* [What you need to do]: All records that follow are to be restated exactly.

[Caption-style text data]
########################################

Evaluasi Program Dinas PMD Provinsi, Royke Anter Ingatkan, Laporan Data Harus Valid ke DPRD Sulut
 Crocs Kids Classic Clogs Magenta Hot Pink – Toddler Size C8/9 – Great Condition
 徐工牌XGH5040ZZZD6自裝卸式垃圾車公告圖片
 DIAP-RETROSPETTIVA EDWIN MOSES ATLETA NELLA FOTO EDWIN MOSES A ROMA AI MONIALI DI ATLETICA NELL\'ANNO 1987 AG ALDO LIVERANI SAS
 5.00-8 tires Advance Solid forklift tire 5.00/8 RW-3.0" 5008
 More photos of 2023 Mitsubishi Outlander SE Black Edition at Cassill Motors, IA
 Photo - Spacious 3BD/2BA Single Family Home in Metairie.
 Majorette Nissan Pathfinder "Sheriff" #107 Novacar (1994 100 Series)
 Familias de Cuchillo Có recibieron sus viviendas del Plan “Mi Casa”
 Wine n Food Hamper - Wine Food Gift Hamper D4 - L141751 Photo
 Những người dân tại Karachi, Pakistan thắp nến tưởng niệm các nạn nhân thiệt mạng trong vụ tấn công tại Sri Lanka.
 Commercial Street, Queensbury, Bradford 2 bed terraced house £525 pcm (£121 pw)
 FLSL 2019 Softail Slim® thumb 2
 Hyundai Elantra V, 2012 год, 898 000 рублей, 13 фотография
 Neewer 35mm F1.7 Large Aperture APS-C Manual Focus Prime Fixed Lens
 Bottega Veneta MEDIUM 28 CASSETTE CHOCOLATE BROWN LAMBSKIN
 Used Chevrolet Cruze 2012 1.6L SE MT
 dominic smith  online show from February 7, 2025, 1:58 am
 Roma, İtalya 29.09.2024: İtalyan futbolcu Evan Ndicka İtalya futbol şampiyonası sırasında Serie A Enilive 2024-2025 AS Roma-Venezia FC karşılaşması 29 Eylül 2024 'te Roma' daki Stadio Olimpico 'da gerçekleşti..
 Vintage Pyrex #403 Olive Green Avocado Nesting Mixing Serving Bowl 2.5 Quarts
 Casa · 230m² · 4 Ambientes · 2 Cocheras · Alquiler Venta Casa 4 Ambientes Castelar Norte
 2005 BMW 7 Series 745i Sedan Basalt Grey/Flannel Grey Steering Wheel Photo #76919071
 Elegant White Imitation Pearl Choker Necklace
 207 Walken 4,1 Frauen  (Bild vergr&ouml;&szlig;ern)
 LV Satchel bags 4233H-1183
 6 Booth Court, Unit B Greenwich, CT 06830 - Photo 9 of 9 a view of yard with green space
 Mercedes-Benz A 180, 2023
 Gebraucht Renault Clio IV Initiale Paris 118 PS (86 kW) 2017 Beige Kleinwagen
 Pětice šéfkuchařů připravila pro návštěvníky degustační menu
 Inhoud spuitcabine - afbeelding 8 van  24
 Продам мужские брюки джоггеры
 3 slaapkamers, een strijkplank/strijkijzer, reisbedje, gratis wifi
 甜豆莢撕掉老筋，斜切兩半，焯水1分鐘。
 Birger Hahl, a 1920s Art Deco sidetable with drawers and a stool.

########################################

* [Solution to the exercise]:
Evaluasi Program Dinas PMD Provinsi, Royke Anter Ingatkan, Laporan Data Harus Valid ke DPRD Sulut
 Crocs Kids Classic Clogs Magenta Hot Pink – Toddler Size C8/9 – Great Condition
 徐工牌XGH5040ZZZD6自裝卸式垃圾車公告圖片
 DIAP-RETROSPETTIVA EDWIN MOSES ATLETA NELLA FOTO EDWIN MOSES A ROMA AI MONIALI DI ATLETICA NELL\'ANNO 1987 AG ALDO LIVERANI SAS
 5.00-8 tires Advance Solid forklift tire 5.00/8 RW-3.0" 5008
 More photos of 2023 Mitsubishi Outlander SE Black Edition at Cassill Motors, IA
 Photo - Spacious 3BD/2BA Single Family Home in Metairie.
 Majorette Nissan Pathfinder "Sheriff" #107 Novacar (1994 100 Series)
 Familias de Cuchillo Có recibieron sus viviendas del Plan “Mi Casa”
 Wine n Food Hamper - Wine Food Gift Hamper D4 - L141751 Photo
 Những người dân tại Karachi, Pakistan thắp nến tưởng niệm các nạn nhân thiệt mạng trong vụ tấn công tại Sri Lanka.
 Commercial Street, Queensbury, Bradford 2 bed terraced house £525 pcm (£121 pw)
 FLSL 2019 Softail Slim® thumb 2
 Hyundai Elantra V, 2012 год, 898 000 рублей, 13 фотография
 Neewer 35mm F1.7 Large Aperture APS-C Manual Focus Prime Fixed Lens
 Bottega Veneta MEDIUM 28 CASSETTE CHOCOLATE BROWN LAMBSKIN
 Used Chevrolet Cruze 2012 1.6L SE MT
 dominic smith  online show from February 7, 2025, 1:58 am
 Roma, İtalya 29.09.2024: İtalyan futbolcu Evan Ndicka İtalya futbol şampiyonası sırasında Serie A Enilive 2024-2025 AS Roma-Venezia FC karşılaşması 29 Eylül 2024 'te Roma' daki Stadio Olimpico 'da gerçekleşti..
 Vintage Pyrex #403 Olive Green Avocado Nesting Mixing Serving Bowl 2.5 Quarts
 Casa · 230m² · 4 Ambientes · 2 Cocheras · Alquiler Venta Casa 4 Ambientes Castelar Norte
 2005 BMW 7 Series 745i Sedan Basalt Grey/Flannel Grey Steering Wheel Photo #76919071
 Elegant White Imitation Pearl Choker Necklace
 207 Walken 4,1 Frauen  (Bild vergr&ouml;&szlig;ern)
 LV Satchel bags 4233H-1183
 6 Booth Court, Unit B Greenwich, CT 06830 - Photo 9 of 9 a view of yard with green space
 Mercedes-Benz A 180, 2023
 Gebraucht Renault Clio IV Initiale Paris 118 PS (86 kW) 2017 Beige Kleinwagen
 Pětice šéfkuchařů připravila pro návštěvníky degustační menu
 Inhoud spuitcabine - afbeelding 8 van  24
 Продам мужские брюки джоггеры
 3 slaapkamers, een strijkplank/strijkijzer, reisbedje, gratis wifi
 甜豆莢撕掉老筋，斜切兩半，焯水1分鐘。
 Birger Hahl, a 1920s Art Deco sidetable with drawers and a stool.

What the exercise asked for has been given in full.